## [WHAT THE TASK REQUIRES]
Restate word for word the lines in the listing below, starting at the line containing "Courrèges Courreges Women" and ending at the line containing "Men's St. Christopher", both included; leave out the rest.

## [DATA FOR REVIEW]
____
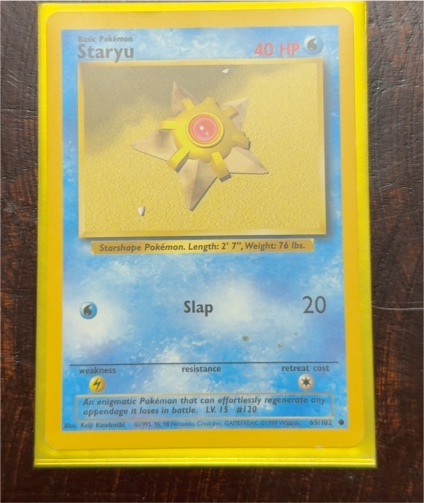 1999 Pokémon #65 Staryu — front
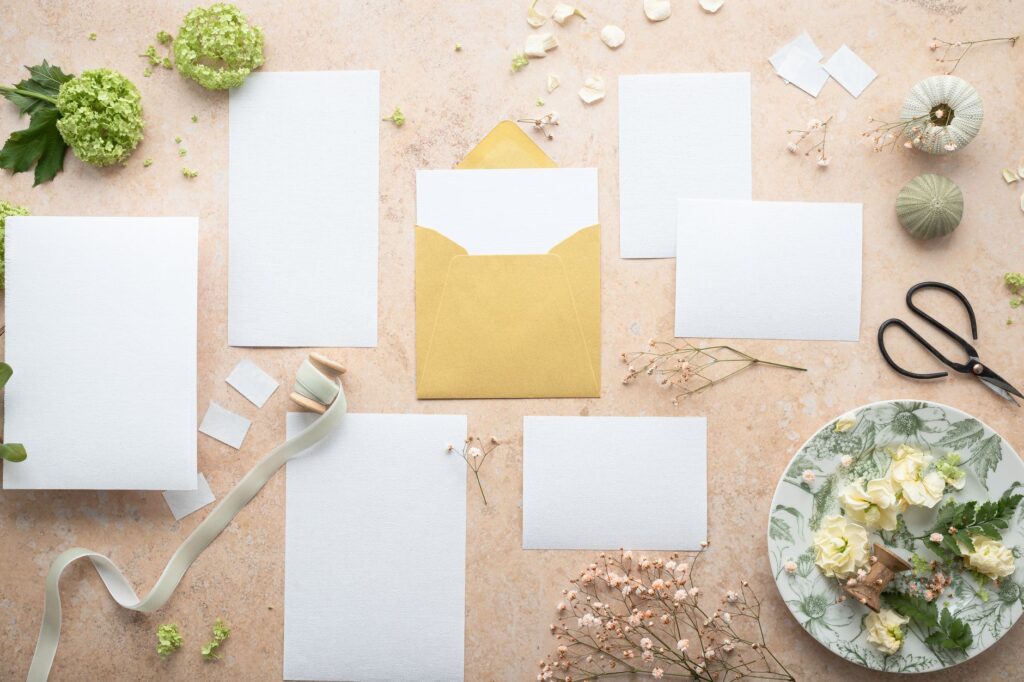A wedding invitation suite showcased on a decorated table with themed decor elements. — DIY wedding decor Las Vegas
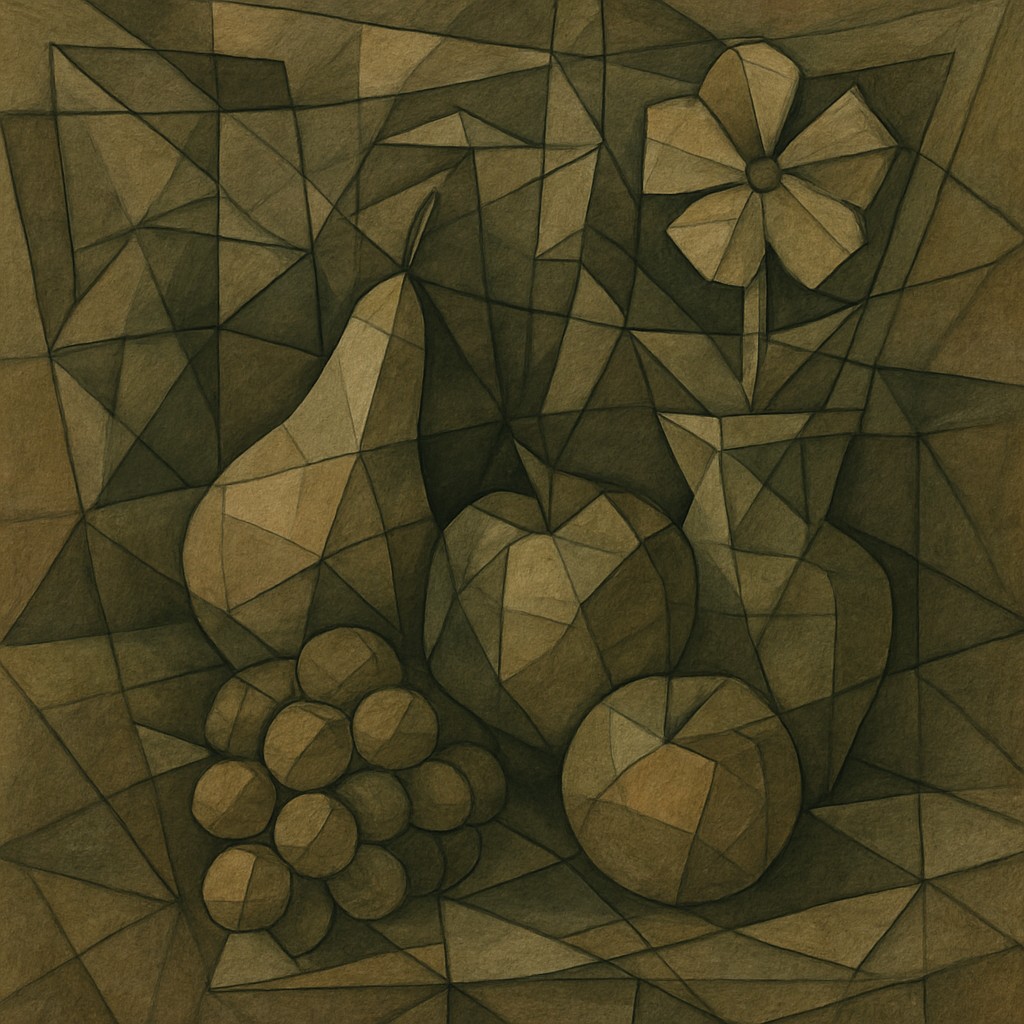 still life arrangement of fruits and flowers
____
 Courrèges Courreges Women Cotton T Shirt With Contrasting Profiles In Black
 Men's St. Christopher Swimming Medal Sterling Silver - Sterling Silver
____
## [TASK ANSWER]
 Courrèges Courreges Women Cotton T Shirt With Contrasting Profiles In Black
 Men's St. Christopher Swimming Medal Sterling Silver - Sterling Silver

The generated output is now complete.